Exercise prompt:
Except for the pictures, retype the records that follow exactly.

Exercise materials:
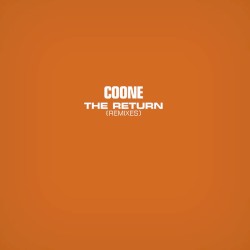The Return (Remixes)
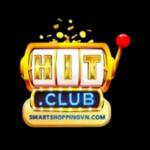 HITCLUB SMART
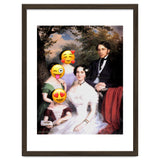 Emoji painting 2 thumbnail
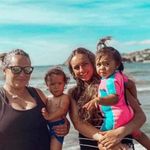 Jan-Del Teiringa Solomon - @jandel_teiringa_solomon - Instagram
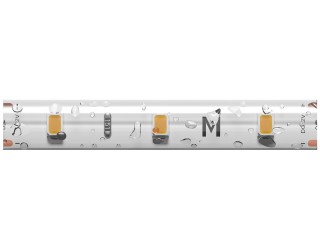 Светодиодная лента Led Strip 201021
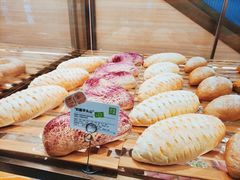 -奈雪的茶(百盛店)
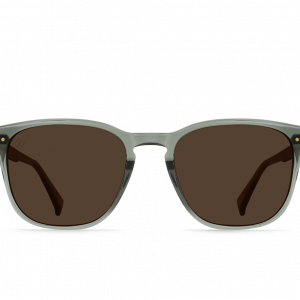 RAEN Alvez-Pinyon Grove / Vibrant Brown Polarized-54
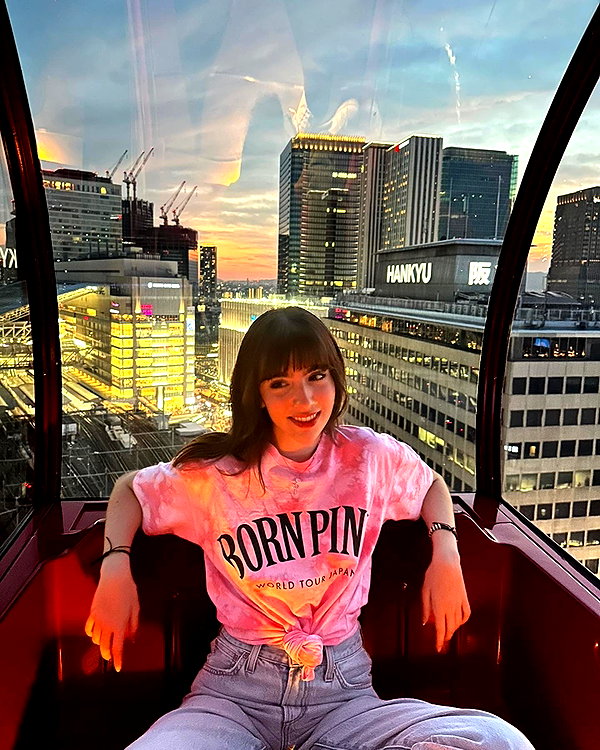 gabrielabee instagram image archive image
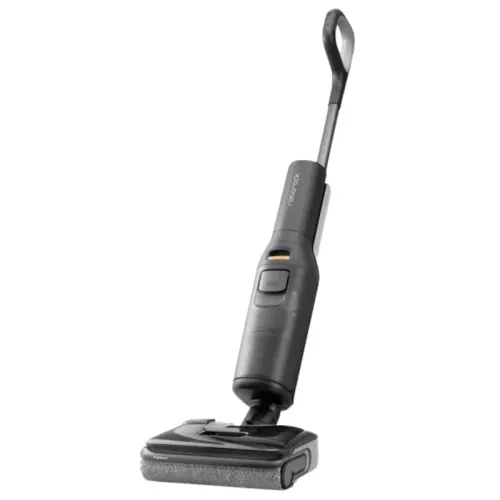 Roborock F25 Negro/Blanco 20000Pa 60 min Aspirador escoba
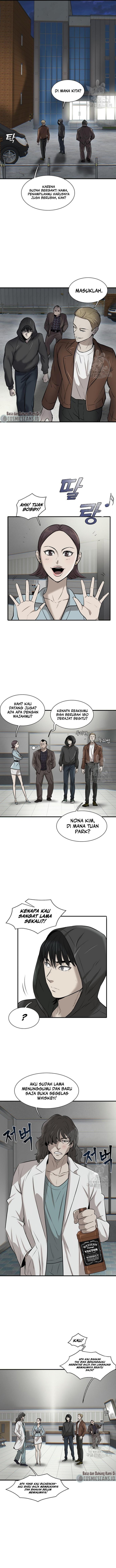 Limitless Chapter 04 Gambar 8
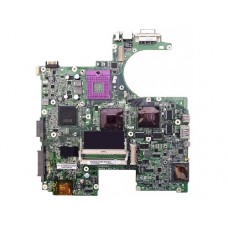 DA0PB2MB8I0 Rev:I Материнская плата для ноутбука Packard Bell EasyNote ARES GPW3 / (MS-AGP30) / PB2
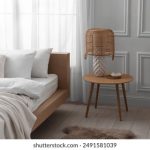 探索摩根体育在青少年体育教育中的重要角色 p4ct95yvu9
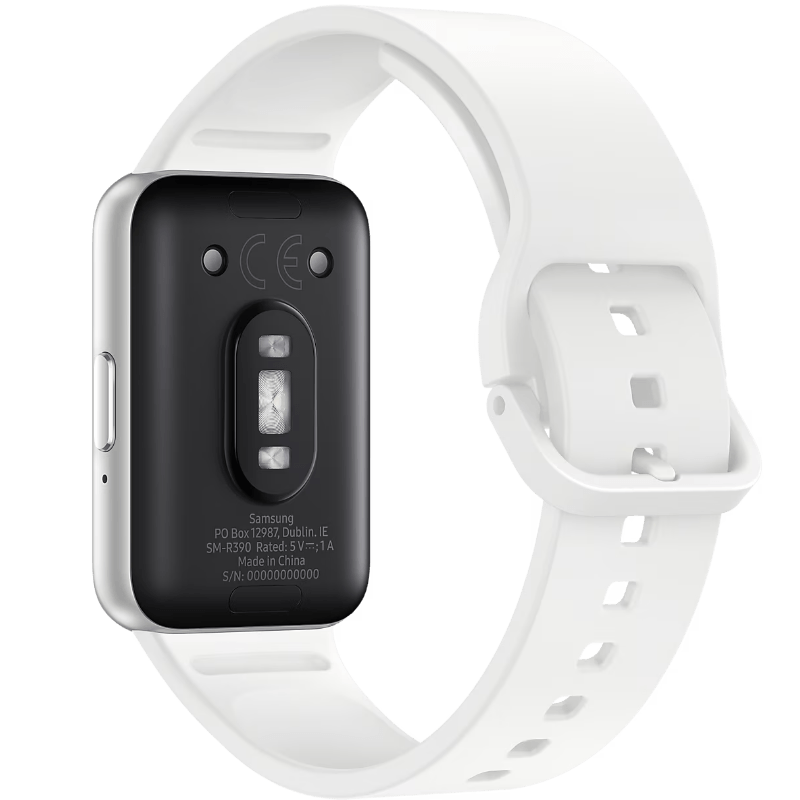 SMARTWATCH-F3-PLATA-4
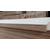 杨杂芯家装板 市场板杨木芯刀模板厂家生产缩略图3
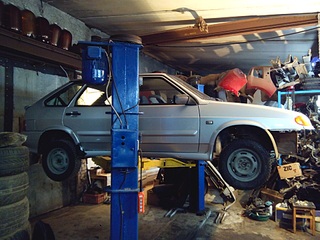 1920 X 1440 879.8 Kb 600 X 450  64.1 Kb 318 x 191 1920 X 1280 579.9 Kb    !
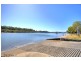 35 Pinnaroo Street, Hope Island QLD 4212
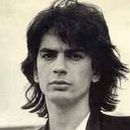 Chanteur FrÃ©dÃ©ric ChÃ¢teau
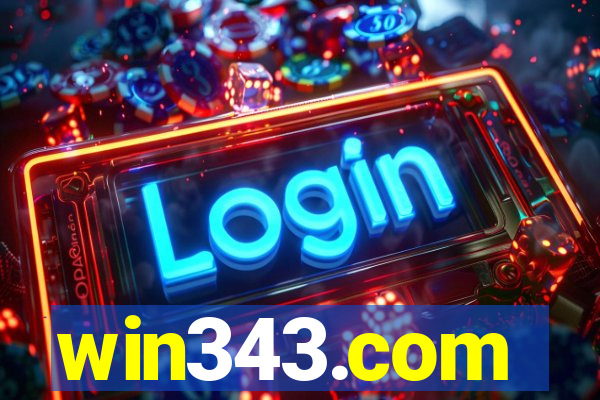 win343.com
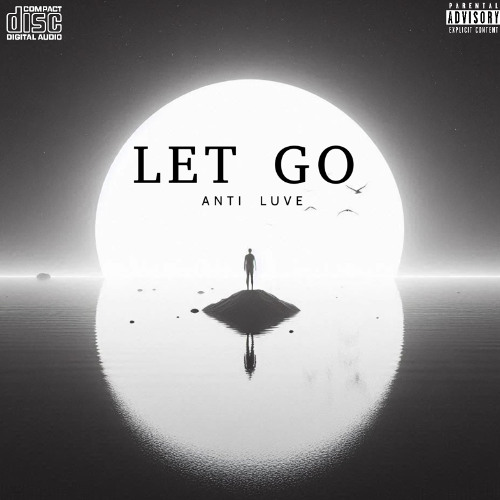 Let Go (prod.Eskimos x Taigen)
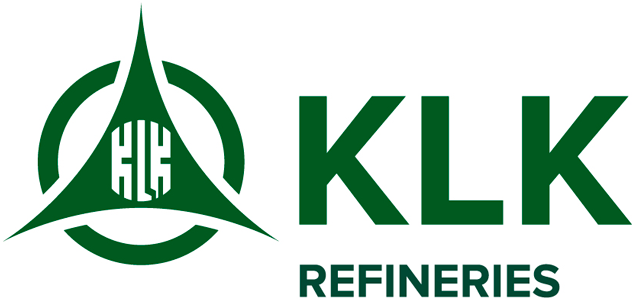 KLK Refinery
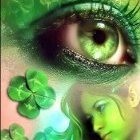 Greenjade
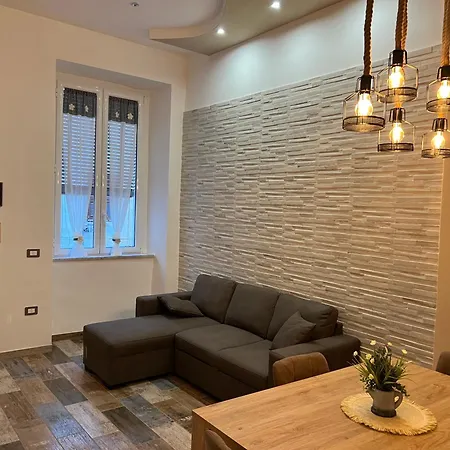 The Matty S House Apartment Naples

Your response:
The Return (Remixes)
 HITCLUB SMART
 Emoji painting 2 thumbnail
 Jan-Del Teiringa Solomon - @jandel_teiringa_solomon - Instagram
 Светодиодная лента Led Strip 201021
 -奈雪的茶(百盛店)
 RAEN Alvez-Pinyon Grove / Vibrant Brown Polarized-54
 gabrielabee instagram image archive image
 Roborock F25 Negro/Blanco 20000Pa 60 min Aspirador escoba
 Limitless Chapter 04 Gambar 8
 DA0PB2MB8I0 Rev:I Материнская плата для ноутбука Packard Bell EasyNote ARES GPW3 / (MS-AGP30) / PB2
 探索摩根体育在青少年体育教育中的重要角色 p4ct95yvu9
 SMARTWATCH-F3-PLATA-4
 杨杂芯家装板 市场板杨木芯刀模板厂家生产缩略图3
 1920 X 1440 879.8 Kb 600 X 450  64.1 Kb 318 x 191 1920 X 1280 579.9 Kb    !
 35 Pinnaroo Street, Hope Island QLD 4212
 Chanteur FrÃ©dÃ©ric ChÃ¢teau
 win343.com
 Let Go (prod.Eskimos x Taigen)
 KLK Refinery
 Greenjade
 The Matty S House Apartment Naples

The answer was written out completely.